I have 3/8" flanges, I am curious if any of you have experience building your own intakes? Is 16 ga. sufficient for 20 PSI? It is a rather large intake, so I want to keep it light as possible.
Yep 16 gauge will work just fine. If you are creating long runners you may want to stiffen them with a cross kiss, or a rib. You can make a rib with 16gauge x 1/8 and weld it standing on edge or a piece of 1/8 to 3/16 brake line. Make sense to you?
Here is a mock up I had cut, I just wasn't sure how well it would up with S/C..... I had Actually thought about adding some ribs....
You are actually going to want to stiffen your plenum, easy enough you can make some ribs under your carb that help direct the mix to the runners. make all of your welds corner to corner and not lapped welds, and cross kiss your plenum sides and top. You're running 20 psi of boost?
It will hold the pressure just fine (as long as the welds are solid), but like beaner alluded to, stiffen any long open sections up. You don't want the walls of the intake to pulsate each time the intake valve opens and create some weird harmonics. 300 Ford with a blower, looks like fun. Keep us posted.
Eaton M112. I am hoping for 10-15 psi.

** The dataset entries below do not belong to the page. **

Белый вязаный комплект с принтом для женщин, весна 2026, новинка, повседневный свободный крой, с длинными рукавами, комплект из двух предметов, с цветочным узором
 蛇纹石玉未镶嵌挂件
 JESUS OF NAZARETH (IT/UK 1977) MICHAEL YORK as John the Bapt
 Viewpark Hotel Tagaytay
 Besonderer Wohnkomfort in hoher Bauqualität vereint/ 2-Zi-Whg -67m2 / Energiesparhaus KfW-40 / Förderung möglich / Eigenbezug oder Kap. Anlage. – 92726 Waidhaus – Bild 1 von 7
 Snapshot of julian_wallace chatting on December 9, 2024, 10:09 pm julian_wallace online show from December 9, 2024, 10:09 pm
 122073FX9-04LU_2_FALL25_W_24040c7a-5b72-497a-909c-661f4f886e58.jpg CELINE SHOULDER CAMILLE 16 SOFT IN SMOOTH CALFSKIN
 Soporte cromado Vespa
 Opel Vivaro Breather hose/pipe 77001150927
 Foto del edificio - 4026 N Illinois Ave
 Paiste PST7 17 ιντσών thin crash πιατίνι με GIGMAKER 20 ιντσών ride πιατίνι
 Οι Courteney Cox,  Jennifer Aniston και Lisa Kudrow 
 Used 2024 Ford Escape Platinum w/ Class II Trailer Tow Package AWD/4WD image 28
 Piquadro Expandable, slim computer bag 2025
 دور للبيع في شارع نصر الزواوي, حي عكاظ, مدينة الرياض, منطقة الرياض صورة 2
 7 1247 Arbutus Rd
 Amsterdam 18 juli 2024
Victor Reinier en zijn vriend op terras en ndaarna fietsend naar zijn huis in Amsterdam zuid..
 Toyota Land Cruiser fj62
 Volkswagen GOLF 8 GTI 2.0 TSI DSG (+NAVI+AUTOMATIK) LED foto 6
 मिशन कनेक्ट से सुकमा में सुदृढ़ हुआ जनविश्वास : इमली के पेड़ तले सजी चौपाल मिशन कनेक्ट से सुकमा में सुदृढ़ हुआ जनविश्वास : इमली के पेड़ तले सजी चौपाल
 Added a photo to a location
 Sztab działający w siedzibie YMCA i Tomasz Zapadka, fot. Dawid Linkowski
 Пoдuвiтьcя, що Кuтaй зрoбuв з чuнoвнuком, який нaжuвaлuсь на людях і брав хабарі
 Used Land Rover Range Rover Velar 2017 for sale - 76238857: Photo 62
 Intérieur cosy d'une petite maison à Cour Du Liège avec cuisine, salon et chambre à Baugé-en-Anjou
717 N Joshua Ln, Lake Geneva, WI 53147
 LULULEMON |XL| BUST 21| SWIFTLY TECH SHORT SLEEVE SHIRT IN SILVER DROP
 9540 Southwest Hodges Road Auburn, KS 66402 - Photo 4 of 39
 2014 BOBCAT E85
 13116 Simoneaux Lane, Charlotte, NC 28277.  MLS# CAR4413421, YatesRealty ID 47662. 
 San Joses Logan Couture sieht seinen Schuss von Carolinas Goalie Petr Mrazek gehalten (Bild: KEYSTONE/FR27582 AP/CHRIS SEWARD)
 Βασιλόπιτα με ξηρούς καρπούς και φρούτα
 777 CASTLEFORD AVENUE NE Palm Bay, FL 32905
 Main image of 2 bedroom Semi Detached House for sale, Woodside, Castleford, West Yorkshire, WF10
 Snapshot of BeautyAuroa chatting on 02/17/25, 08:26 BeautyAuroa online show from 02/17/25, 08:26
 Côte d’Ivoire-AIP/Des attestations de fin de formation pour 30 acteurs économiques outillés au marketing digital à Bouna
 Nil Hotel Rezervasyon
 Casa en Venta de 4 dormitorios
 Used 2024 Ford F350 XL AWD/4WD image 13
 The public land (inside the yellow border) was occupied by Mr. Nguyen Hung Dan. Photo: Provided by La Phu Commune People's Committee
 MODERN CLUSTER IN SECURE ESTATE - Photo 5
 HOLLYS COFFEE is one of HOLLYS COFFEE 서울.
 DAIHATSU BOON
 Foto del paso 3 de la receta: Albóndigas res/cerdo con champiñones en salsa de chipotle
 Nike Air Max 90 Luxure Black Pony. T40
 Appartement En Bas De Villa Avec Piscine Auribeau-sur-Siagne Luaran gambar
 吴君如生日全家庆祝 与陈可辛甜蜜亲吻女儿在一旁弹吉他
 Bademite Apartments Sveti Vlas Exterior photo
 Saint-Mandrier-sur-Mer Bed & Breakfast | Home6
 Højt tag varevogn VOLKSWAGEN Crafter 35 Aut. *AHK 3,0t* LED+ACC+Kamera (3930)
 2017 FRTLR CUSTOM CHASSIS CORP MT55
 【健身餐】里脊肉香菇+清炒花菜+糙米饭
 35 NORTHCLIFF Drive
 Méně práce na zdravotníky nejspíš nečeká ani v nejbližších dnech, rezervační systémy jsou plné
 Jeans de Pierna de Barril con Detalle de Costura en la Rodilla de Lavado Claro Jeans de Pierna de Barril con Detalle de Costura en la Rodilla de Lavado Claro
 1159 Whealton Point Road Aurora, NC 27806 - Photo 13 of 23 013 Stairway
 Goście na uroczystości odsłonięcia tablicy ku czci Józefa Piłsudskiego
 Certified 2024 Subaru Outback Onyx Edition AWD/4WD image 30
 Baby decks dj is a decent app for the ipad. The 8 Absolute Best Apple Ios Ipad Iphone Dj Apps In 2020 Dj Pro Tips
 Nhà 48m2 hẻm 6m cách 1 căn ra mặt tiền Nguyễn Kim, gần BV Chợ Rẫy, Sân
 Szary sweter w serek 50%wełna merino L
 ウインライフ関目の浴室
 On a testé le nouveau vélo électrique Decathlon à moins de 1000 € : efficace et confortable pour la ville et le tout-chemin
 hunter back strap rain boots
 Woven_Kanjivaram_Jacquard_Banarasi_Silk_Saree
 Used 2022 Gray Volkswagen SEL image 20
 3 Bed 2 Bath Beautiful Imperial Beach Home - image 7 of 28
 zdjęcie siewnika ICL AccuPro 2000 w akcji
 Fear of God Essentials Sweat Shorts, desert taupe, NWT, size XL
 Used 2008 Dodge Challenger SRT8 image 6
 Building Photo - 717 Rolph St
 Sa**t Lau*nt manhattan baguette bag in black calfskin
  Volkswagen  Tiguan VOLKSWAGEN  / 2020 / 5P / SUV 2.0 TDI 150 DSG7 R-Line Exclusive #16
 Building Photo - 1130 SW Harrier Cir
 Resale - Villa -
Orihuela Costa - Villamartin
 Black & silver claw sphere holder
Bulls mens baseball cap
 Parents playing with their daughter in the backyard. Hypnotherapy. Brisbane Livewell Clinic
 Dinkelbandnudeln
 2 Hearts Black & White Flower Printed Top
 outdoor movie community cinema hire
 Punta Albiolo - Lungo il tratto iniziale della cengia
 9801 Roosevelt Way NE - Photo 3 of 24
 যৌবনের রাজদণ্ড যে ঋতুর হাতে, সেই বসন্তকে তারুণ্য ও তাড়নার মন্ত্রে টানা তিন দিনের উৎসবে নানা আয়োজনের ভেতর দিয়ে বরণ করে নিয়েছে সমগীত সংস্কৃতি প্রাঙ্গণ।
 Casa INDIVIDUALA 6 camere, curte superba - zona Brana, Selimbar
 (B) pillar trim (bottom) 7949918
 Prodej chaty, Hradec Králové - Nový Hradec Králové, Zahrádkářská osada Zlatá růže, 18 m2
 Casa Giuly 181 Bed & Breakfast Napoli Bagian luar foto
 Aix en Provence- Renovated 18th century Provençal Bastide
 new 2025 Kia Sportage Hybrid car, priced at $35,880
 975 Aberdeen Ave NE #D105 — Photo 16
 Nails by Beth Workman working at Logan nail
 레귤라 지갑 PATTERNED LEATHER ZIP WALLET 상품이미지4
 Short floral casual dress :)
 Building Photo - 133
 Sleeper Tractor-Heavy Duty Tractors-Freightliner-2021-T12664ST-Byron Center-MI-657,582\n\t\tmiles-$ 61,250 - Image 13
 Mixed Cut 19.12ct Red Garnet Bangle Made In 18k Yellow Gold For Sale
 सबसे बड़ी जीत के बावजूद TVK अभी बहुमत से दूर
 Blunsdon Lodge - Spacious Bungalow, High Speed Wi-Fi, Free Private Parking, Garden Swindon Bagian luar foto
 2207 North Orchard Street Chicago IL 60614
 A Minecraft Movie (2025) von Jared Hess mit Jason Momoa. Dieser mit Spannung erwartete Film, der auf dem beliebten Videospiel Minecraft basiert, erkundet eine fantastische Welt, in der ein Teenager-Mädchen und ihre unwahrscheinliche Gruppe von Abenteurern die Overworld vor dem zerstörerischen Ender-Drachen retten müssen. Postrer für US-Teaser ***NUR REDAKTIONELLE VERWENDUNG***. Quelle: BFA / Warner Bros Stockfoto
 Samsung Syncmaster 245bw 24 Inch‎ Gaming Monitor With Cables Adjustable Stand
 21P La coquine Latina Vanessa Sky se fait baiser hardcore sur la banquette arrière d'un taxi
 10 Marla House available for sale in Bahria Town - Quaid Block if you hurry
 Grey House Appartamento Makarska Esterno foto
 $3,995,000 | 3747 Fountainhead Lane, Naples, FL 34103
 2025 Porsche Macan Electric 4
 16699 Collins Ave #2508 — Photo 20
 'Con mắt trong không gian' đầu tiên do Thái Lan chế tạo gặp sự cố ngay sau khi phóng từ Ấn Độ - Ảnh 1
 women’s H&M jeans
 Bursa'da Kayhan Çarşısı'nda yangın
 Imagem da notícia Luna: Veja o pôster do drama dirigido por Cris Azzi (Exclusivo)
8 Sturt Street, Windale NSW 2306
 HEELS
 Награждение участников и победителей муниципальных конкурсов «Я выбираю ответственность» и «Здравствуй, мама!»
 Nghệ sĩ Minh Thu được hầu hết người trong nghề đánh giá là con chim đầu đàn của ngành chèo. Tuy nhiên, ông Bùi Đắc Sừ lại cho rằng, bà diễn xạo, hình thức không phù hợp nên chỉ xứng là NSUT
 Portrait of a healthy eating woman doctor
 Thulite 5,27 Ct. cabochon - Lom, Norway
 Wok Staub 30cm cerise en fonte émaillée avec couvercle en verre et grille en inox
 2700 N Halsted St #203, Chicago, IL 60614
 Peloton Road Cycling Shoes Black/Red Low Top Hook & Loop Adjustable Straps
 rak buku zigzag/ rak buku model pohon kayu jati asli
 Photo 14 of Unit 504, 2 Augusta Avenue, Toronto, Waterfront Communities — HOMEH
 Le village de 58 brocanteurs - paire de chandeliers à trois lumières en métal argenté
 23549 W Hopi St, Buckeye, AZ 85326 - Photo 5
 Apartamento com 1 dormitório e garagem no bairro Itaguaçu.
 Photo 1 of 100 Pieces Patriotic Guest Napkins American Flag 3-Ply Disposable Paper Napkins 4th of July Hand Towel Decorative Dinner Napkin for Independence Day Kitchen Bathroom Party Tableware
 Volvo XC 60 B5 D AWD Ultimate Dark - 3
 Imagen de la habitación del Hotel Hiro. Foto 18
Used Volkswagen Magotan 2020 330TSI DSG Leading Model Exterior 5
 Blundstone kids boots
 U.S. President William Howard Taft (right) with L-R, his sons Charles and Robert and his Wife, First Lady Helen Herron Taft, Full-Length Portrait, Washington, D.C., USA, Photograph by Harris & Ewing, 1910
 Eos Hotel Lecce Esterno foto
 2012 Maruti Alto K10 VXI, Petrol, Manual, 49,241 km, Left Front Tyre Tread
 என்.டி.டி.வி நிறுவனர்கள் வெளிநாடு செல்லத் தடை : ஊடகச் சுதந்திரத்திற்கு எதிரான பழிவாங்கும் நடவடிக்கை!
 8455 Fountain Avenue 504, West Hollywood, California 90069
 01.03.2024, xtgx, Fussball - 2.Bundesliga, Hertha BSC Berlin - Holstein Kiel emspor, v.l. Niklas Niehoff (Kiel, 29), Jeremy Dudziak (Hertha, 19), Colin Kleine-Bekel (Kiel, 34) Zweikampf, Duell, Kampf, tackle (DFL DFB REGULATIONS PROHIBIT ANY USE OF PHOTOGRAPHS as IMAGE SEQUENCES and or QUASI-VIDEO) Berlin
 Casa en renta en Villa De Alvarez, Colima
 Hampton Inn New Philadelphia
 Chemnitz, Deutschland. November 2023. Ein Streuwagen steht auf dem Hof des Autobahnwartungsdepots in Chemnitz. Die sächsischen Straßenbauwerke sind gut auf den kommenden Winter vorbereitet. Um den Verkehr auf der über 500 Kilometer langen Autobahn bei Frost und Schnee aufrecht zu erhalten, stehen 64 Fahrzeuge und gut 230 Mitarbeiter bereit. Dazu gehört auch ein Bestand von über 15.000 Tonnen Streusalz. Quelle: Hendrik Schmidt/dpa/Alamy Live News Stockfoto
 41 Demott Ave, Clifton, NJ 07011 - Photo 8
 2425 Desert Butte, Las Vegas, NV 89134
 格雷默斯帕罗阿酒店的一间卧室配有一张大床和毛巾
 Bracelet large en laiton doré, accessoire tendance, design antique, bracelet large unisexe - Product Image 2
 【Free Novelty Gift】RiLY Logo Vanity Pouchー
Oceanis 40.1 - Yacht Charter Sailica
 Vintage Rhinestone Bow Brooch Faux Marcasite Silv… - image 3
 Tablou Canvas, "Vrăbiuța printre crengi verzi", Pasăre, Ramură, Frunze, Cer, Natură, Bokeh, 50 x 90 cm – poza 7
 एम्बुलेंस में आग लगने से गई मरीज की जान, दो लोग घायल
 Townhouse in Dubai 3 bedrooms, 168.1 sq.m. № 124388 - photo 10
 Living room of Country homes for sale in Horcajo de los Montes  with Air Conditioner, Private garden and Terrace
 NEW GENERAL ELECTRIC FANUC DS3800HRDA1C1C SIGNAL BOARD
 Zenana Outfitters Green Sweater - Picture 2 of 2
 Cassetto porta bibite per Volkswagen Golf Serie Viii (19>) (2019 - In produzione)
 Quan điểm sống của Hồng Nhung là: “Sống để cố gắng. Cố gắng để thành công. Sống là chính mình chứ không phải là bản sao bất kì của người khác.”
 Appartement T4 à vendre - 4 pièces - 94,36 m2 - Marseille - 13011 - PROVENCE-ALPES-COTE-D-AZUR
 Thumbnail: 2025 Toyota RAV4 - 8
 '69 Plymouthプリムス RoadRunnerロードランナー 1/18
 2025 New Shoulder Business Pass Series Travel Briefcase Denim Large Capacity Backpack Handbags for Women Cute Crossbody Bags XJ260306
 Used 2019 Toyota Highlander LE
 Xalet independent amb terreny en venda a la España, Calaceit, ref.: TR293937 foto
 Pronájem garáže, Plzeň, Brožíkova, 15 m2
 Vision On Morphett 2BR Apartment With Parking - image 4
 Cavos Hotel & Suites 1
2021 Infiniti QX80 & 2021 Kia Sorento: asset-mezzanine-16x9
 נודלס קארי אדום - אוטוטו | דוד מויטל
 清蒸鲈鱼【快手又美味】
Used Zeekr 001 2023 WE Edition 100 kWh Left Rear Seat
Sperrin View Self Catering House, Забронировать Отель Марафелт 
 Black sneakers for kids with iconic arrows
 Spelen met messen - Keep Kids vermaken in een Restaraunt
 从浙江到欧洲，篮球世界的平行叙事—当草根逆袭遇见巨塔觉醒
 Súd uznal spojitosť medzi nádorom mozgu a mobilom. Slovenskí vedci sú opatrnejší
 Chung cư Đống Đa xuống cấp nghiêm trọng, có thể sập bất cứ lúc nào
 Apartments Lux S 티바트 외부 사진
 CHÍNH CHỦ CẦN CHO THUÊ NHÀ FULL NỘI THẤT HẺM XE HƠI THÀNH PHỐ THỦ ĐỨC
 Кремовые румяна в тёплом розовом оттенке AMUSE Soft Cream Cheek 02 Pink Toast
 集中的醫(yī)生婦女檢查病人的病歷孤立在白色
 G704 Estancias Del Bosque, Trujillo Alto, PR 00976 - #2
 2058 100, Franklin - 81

As poorly as the 300 heads flow, it has the potential to spike...... I am not going to know until it is built and on a dyno. This is O/T for this forum, but I have no choice but to run an electronically controlled wastegate to keep it from becoming a bomb.......
P and B, I am following on the dividers as I had planned to do that anyhow. It will also have some larger members on the bottom sheet of the plenum to support the S/C mounted on top. I am not 100% sure how you are directing me to weld in the crosskisses........ Any chance you can draw me a picture?
A cross kiss is not welded it. It is an X that is slightly bent into the sheet, probably between a 1 and 5 degrees of bend. Think about the old custom tailgates in a pickup truck, that were filled and then had an X that showed in the middle. it stiffens the metal and helps keep if from drumming on a larger sheet on the short run like you want to do it will just ad some stiffness to it.
Spring loaded plates were used successfully for waste gates for 50 years before anyone thought of using electronics. If it's air worthy, it should be street worthy.